**Material supplied**

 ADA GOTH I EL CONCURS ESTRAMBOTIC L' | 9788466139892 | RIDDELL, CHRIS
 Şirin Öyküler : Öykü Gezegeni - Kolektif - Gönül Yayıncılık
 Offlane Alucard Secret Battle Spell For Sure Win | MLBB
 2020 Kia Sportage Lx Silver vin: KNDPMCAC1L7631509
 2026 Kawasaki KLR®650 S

* * *

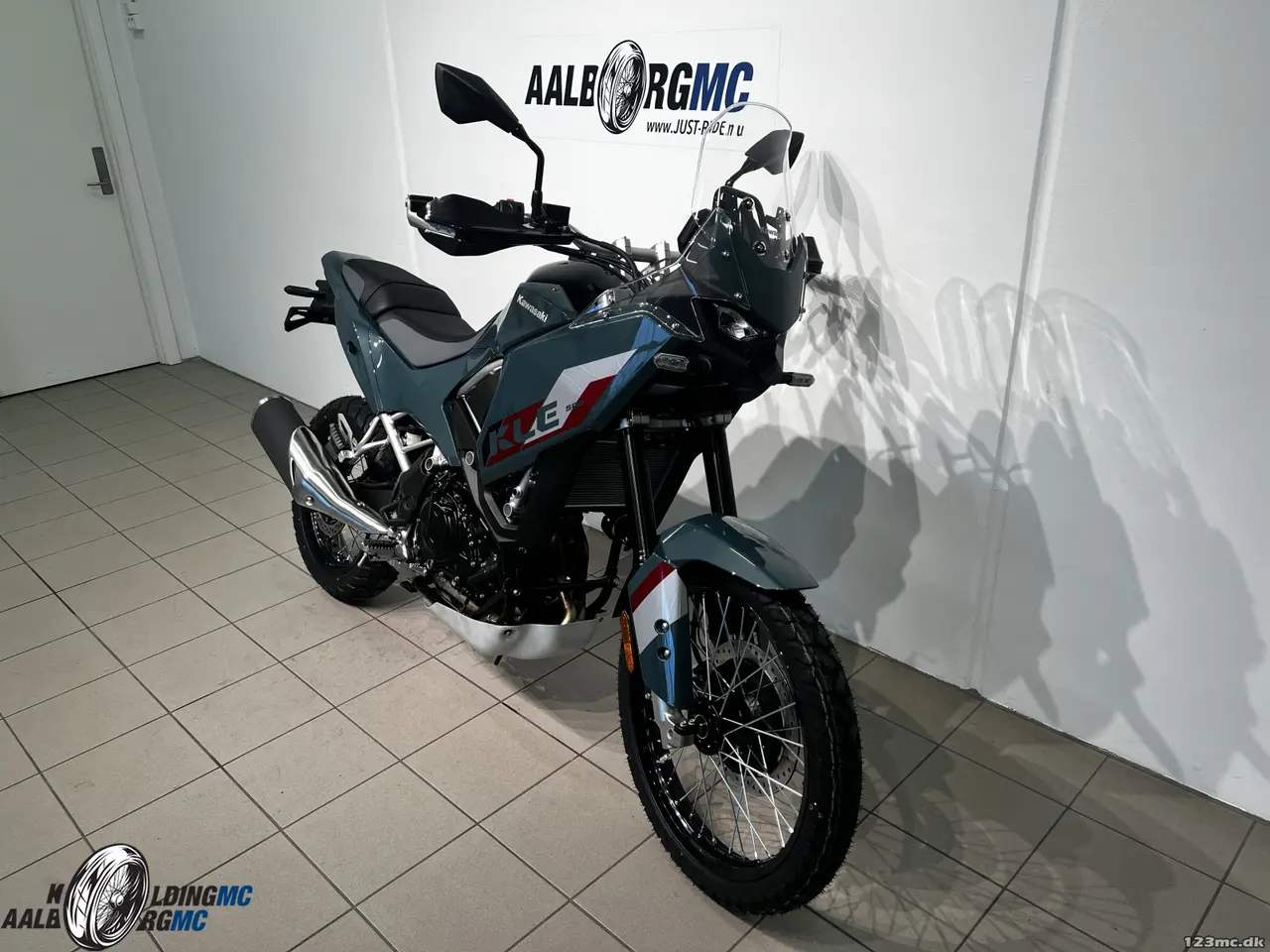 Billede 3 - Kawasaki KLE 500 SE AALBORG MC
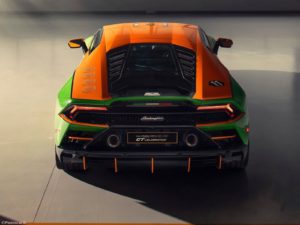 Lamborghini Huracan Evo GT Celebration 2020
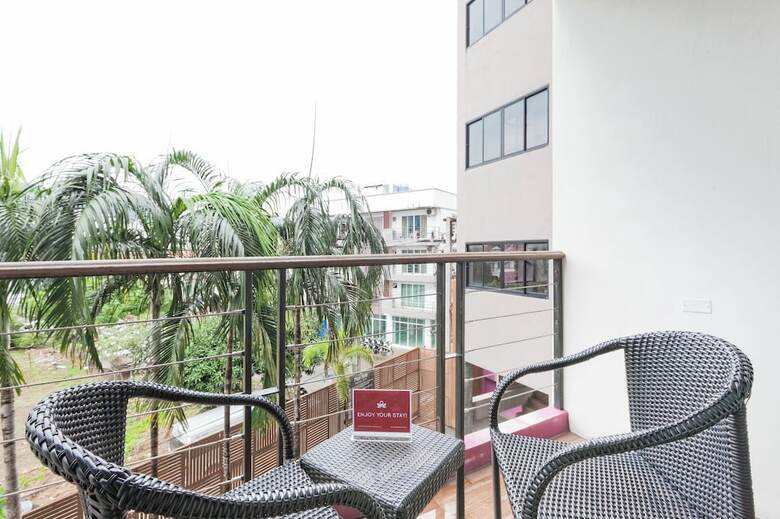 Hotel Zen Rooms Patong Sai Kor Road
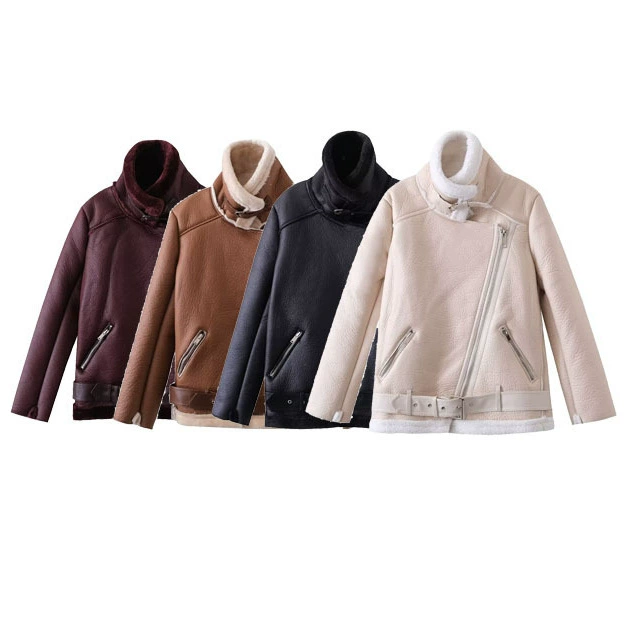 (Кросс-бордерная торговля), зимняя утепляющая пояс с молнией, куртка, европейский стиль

...

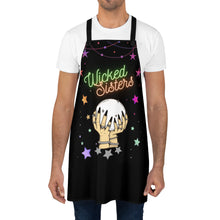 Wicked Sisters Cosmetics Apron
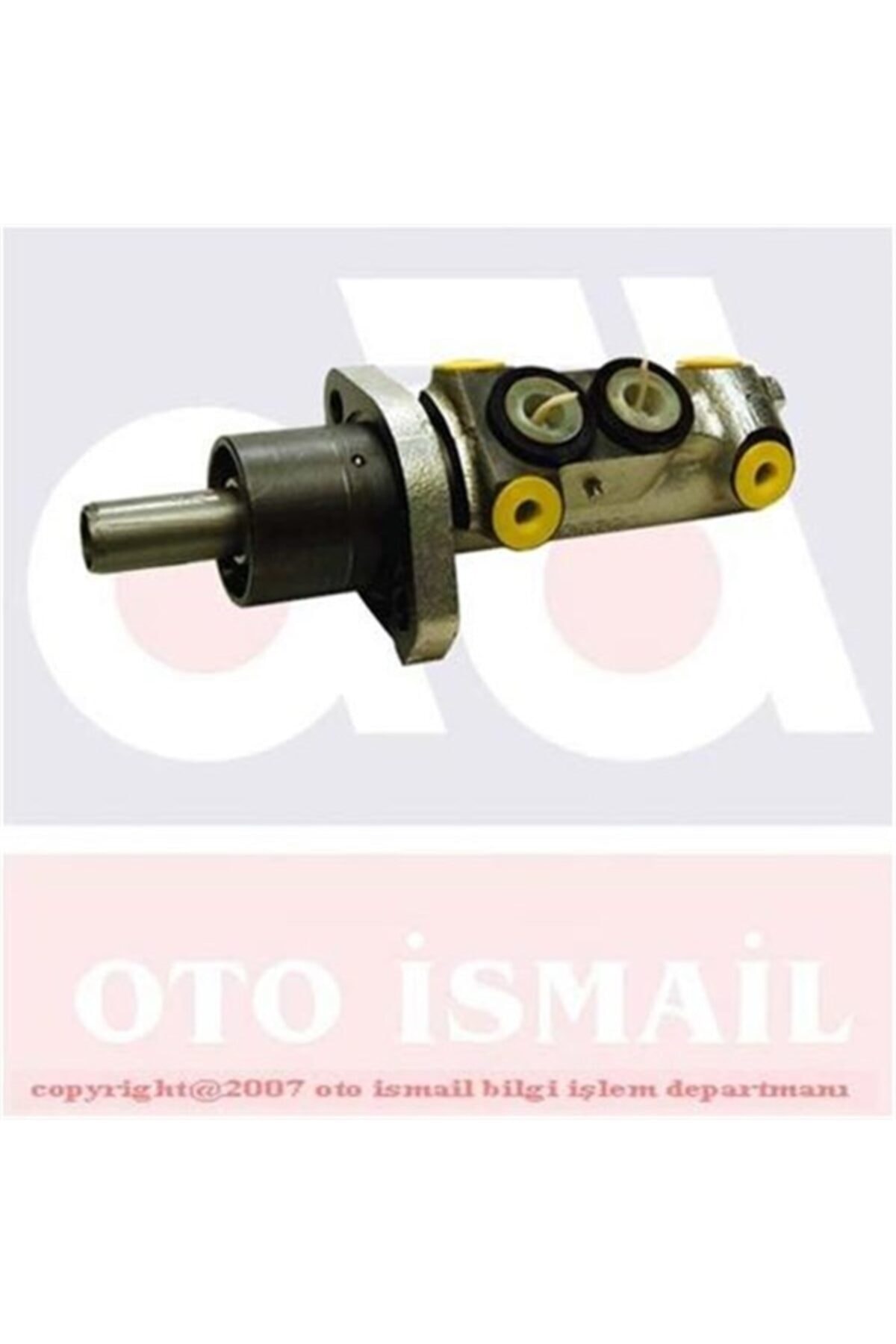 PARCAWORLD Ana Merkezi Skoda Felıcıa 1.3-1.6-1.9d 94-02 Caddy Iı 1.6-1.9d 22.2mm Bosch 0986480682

**Required work**
Reproduce the lines above beginning at the line that contains "Wicked Sisters Cosmetics Apron" and ending at the line that contains "PARCAWORLD Ana Merkezi". No pictures.

**Answer space**
 Wicked Sisters Cosmetics Apron
 PARCAWORLD Ana Merkezi Skoda Felıcıa 1.3-1.6-1.9d 94-02 Caddy Iı 1.6-1.9d 22.2mm Bosch 0986480682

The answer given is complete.